汝、隣人を殴れ

 なんだかんだ27になる歳になった。
 なんだかんだ生きてなんだかんだ遊びなんだかんだ病んでなんだかんだ今も生きている。
 
 産まれは変な町だ。
 パチンコ屋と釣り用具店と安っぽい電気屋に本屋。
 どこにでもある変な町。
 変な町には変な人もつきもので、多分に漏れず俺も変な人になった。
 夜な夜な繁華街を走り立ちんぼの横を通り過ぎ変な空気を吸って吐いて家でマラを擦り付けて寝ていた。

 俺も変ではありながら人並みの欲望はあった。
 有名になりたいだの権力が欲しいだの自意識だけが強くなった。
 産まれた町には音楽がある。しかも毎年町中全体で盛り上がり、町中では人が踊りながら練り歩き、踊る人をアホ、踊らない人もアホだと罵った。
 なんならお祭りを避けている人は日がな一日中、女だけが出るアニメやなよなよした男に女が群がるアニメを見るナードくらい。

 踊る阿呆に見る阿呆、同じ阿保なら踊らにゃ損損

 まさしくハードコアだ。

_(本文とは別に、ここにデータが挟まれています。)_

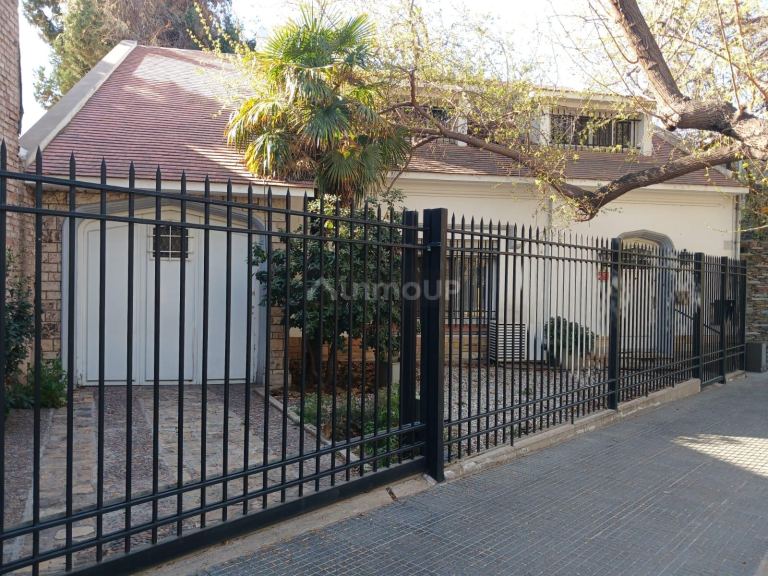 Casa en Venta en Capital, Mendoza
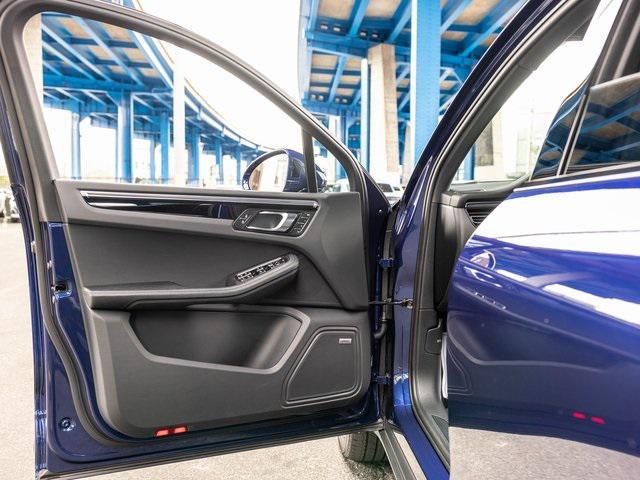 Photo of 2024 Gentian Blue Metallic Porsche Macan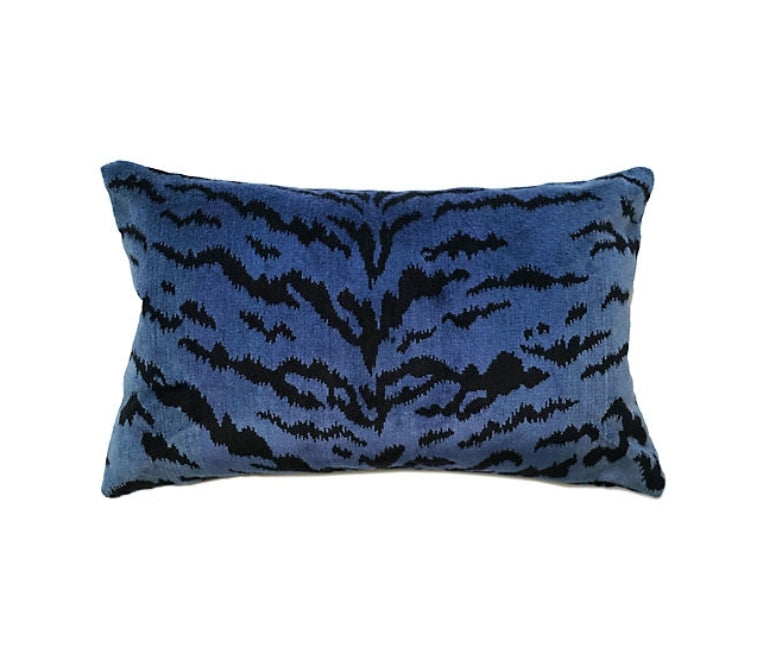 Tigre Pillow - Blue & Black Velvet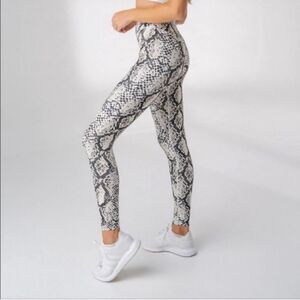 Balance Collection White Black Snake Skin Print Leggings Size S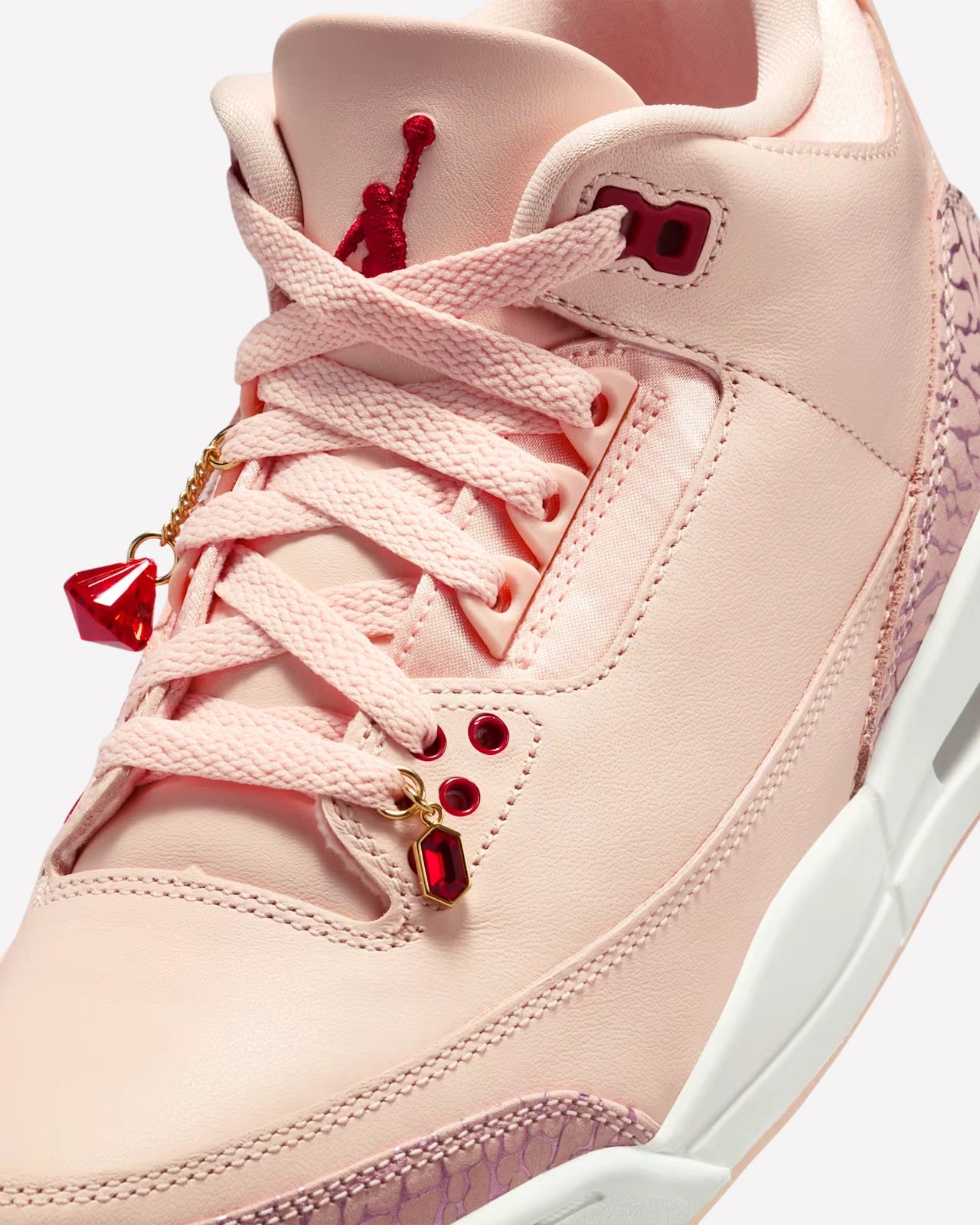 Air Jordan 3 Retro Valentine's Day Treat Yourself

これこそ古からのハードコアスタイル。
 音楽との出会いだ。

 俺はハードコアを始めた。
 音楽に合わせて殴り合い、それは友情となるハードコアは己の闘争本能を奮い起こすのにうってつけだ。
 
 汝、珍棒を擦らず隣人を殴れ

 神は言った。
 
 新しい神話と聖書はライブハウスで作られる。
 イエスも仏陀もディスチャージの前では無力だ。

 人の痛みがわかるのは自分の痛みがわかる人だけだ。